Le fasi della produzione

I rischi stando alle ricerche rese note dalla Coldiretti, interessano le quattro fasi della produzione di cibo a base cellulare: “la selezione delle cellule, la produzione, la raccolta e la trasformazione. In particolare”, precisa la Confederazione, “i rischi secondo gli esperti consultati da Fao e Oms riguardano la trasmissione di malattie, le infezioni animali e la contaminazione microbica oltre alla necessità di una particolare attenzione sull’uso di componenti come fattori della crescita e ormoni usati nei bioreattori e su come queste molecole attive possono interferire con il metabolismo o essere associate allo sviluppo di alcuni tipi di cancro.

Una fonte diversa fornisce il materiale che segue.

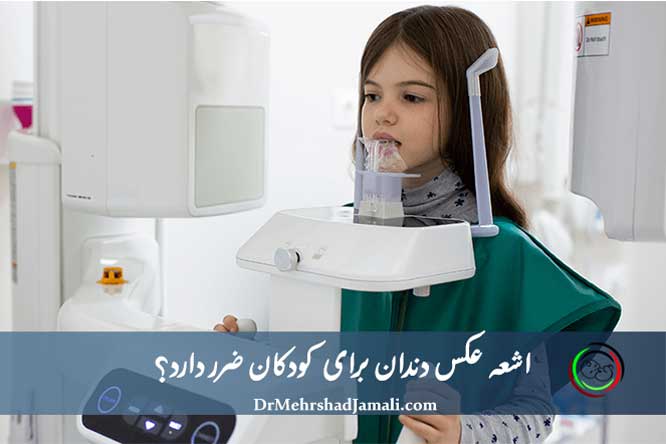 اشعه عکس دندان برای کودکان ضرر دارد؟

In questo contesto”, osserva la Coldiretti, “va peraltro ricordato che l’Unione Europea ha vietato dal 1996 l’uso di ormoni nell’attività di allevamento e produzione della carne ed è quindi improbabile che l’Efsa lo possa approvare nell’ambito della produzioni a base cellulare”.

La sfida della Coldiretti

“Dal mondo scientifico cominciano ad arrivare conferme sulla necessità di rispettare il principio di precauzione di fronte ad una nuova tecnologia con molte incognite che rischia di cambiare la vita delle persone e l’ambiente che ci circonda”, afferma il presidente della Coldiretti Ettore Prandini nel sottolineare “proprio per questo la sfida che la Coldiretti lancia alle istituzioni europee è che i prodotti in laboratorio nei processi di autorizzazione non vengano equiparati a cibo ma bensì a prodotti a carattere farmaceutico”.

Parlamento e Comuni uniti

Una esigenza che ha portato alla presentazione in Italia del disegno di legge che vieta la produzione, la commercializzazione e l’uso di cibo artificiale che dovrà ora essere discusso e poi approvato dal Parlamento, con la raccolta da parte della Coldiretti di mezzo milione di firme di cittadini, oltre 2mila comuni che hanno deliberato spesso all’unanimità, tutte le regioni di ogni colore politico e di esponenti di ogni schieramento che hanno sostenuto la proposta in modo bipartisan. “Una mobilitazione che”, conclude la Coldiretti, “ha il merito di aver acceso i riflettori su un business in mano a pochi ricchi e influenti nel mondo sul quale si comincia ora a fare luce”.